La Feria

Sheinbaum y la necesaria ruptura

Claudia Sheinbaum no tiene por qué cargar con la herencia de la corrupción. El valor a tutelar es la noción de que hará un gobierno efectivo y limpio.

Las ligas de Andrés Manuel López Obrador con algunos de los personajes más polémicos de su administración tienen décadas de historia. Piénsese, por ejemplo, en Ignacio Ovalle, a quien ha perdonado su desastre en Segalmex.

AMLO y Ovalle se conocen desde los años 70. Éste fue su jefe en el Instituto Nacional Indigenista y fue también su promotor frente a Clara Jusidman, cuando se le achicó el espacio en su primera aventura política en su natal Tabasco y tuvo que migrar laboralmente al DF.
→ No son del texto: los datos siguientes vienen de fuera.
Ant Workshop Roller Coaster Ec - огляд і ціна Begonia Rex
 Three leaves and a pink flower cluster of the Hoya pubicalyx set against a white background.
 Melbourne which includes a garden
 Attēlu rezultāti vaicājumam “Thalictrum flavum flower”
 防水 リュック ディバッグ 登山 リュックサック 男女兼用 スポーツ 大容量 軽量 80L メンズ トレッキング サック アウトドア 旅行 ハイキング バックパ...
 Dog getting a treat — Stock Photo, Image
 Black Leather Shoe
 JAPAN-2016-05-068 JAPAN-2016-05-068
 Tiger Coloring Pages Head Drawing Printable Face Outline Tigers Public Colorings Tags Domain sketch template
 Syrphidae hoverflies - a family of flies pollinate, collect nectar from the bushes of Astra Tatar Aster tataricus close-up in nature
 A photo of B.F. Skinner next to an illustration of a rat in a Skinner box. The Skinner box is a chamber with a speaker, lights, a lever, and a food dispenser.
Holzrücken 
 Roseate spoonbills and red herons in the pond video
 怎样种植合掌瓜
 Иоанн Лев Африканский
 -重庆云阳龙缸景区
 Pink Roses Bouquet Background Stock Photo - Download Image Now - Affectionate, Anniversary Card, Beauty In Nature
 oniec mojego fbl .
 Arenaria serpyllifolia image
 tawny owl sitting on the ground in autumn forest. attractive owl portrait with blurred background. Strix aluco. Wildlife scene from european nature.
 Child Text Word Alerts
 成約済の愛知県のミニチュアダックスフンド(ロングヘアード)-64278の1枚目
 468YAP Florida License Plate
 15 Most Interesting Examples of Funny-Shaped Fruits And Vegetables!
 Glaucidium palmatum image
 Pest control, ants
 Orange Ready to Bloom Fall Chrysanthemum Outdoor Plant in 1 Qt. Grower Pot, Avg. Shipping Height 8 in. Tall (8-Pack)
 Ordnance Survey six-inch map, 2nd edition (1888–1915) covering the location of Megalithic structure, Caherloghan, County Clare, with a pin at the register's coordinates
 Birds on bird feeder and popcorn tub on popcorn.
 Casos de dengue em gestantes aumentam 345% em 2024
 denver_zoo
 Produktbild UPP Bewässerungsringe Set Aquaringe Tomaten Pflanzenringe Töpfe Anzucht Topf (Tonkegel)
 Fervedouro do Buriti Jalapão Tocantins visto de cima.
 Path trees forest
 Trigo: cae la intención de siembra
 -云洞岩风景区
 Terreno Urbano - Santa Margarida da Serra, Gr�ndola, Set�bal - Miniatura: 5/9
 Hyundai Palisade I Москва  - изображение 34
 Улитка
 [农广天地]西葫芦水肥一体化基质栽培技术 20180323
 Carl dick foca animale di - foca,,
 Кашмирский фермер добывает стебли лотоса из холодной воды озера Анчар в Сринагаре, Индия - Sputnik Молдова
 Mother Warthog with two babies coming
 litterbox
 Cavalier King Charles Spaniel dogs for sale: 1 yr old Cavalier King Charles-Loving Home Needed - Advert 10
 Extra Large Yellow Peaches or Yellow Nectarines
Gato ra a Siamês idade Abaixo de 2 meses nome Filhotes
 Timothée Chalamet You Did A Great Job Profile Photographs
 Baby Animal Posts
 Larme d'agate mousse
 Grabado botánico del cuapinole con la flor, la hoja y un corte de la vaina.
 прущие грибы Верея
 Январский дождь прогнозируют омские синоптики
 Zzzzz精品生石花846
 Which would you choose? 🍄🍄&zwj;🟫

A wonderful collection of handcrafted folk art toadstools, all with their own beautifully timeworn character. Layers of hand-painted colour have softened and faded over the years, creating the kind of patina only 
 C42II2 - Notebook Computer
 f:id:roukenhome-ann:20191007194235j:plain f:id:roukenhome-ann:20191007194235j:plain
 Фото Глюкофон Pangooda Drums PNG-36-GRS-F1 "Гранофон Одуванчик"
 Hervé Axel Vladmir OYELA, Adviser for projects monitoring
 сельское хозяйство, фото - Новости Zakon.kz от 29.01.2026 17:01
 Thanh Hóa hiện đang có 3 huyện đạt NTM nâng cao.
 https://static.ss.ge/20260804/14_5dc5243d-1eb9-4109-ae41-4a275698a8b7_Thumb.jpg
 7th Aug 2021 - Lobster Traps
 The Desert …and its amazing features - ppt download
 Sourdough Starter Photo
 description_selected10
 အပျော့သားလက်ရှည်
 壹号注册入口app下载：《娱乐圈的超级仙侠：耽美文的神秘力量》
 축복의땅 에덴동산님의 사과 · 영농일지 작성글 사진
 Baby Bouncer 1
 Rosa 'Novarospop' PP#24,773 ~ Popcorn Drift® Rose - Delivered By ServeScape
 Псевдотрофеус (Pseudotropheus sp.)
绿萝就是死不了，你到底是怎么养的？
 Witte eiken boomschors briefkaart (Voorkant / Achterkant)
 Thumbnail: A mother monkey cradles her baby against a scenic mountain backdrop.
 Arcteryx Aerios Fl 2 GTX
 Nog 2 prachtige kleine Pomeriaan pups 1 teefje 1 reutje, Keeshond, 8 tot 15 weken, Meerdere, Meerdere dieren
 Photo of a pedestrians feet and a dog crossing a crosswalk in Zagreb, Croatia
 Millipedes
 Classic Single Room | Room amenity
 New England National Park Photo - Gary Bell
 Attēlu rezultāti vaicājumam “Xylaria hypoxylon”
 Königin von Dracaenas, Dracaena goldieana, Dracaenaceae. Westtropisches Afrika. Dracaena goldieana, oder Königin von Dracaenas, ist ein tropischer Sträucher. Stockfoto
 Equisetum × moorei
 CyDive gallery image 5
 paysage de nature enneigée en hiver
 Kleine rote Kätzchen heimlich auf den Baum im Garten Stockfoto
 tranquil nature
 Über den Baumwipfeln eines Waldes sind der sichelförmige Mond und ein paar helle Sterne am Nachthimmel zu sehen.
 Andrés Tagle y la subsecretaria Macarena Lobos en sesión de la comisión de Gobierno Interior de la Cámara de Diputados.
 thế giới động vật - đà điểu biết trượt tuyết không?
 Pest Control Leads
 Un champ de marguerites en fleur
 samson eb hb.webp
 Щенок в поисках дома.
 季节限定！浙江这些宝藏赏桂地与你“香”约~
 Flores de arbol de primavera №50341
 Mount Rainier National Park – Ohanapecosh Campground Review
Jusidman le empleó en lo que hoy es la Profeco y si ahora el mandatario presume que se retirará pensionado porque logró acreditar su paso burocrático en los setenta y ochenta, no se estira demasiado la liga si se dice que le deberá parte de esa pensión a Ovalle.

El discurso de honestidad y de celo en el cuidado del erario de Andrés Manuel se estrella en la realidad de colaboradores como Ovalle. Cuán honesto puede ser el consentir en un puestazo a su amigo a pesar de que el paso de éste por Segalmex es sinónimo del (hasta hoy) mayor desfalco del sexenio.

López Obrador ha sido indulgente con gente como Ovalle al nivel de la ignominia. El Andrés Manuel de la oposición nunca hubiera dejado pasar a ningún presidente el que mantuvieran becados a funcionarios exhibidos por su inoperancia al frente de puestos públicos.

Además de agradecimiento por tiempos idos, otra explicación –nada justificable– a la resistencia del tabasqueño a despedir, y ya no se diga a procesar, a malos integrantes de su gabinete o pésimos gobernadores es negar la corrupción tapando el Sol con su mañanera.

Así fue el sexenio. López Obrador se echó a cuestas todos los escándalos y no cedió en ningún caso –salvo quizá en el de Carlos Lomelí, su delegado en Jalisco, que tampoco sufrió gran castigo pues al final de cuentas será senador de Morena a partir de septiembre–.

El cambio sexenal debería suponer una vuelta de página en el combate a la corrupción. Eso es lo que más le conviene a Claudia Sheinbaum porque sobre todas las cosas tiene que cuidar su imagen de honestidad y su promesa de hacer un gobierno más técnico.

La contundencia del triunfo de la virtual presidenta electa proporciona el mejor argumento para definir reglas muy estrictas sobre lo que no se tolerará a partir del 1 de octubre. Y en ese recetario el valor a tutelar es la noción de que hará un gobierno efectivo y limpio.

Desde 2018 con AMLO se impuso una lógica de que el fin justificaba los medios. Que ningún despiste, negligencia, corruptela, fallo o abuso sería procesado hasta sus últimas consecuencias a fin de no dar a los adversarios la razón sobre denuncias de mal desempeño o corrupción.

Esa lógica política, que incluía pagar lealtades, generó sobrecostos en las megaobras y ya retrasos en las mismas. Pero había dinero. Así que el Presidente toleró las disfuncionalidades de algunos de sus compañeros del movimiento cerrando los ojos ante graves abusos.

Claudia Sheinbaum no tiene por qué cargar con esa herencia. Su sexenio tendría que marcar una ruptura y marginar del servicio público a quien no funciona, en principio, y más aún a quienes ya defraudaron la confianza que en ellos se depositó.

Los nombres que Sheinbaum ha dado de la primera línea del futuro gabinete serán genuinamente prometedores si son reforzados con nombramientos similares en espacios secundarios donde se abandone el premio a la lealtad sobre la experiencia.

Esa ruptura granjearía respeto a la próxima presidenta. No más Ovalles.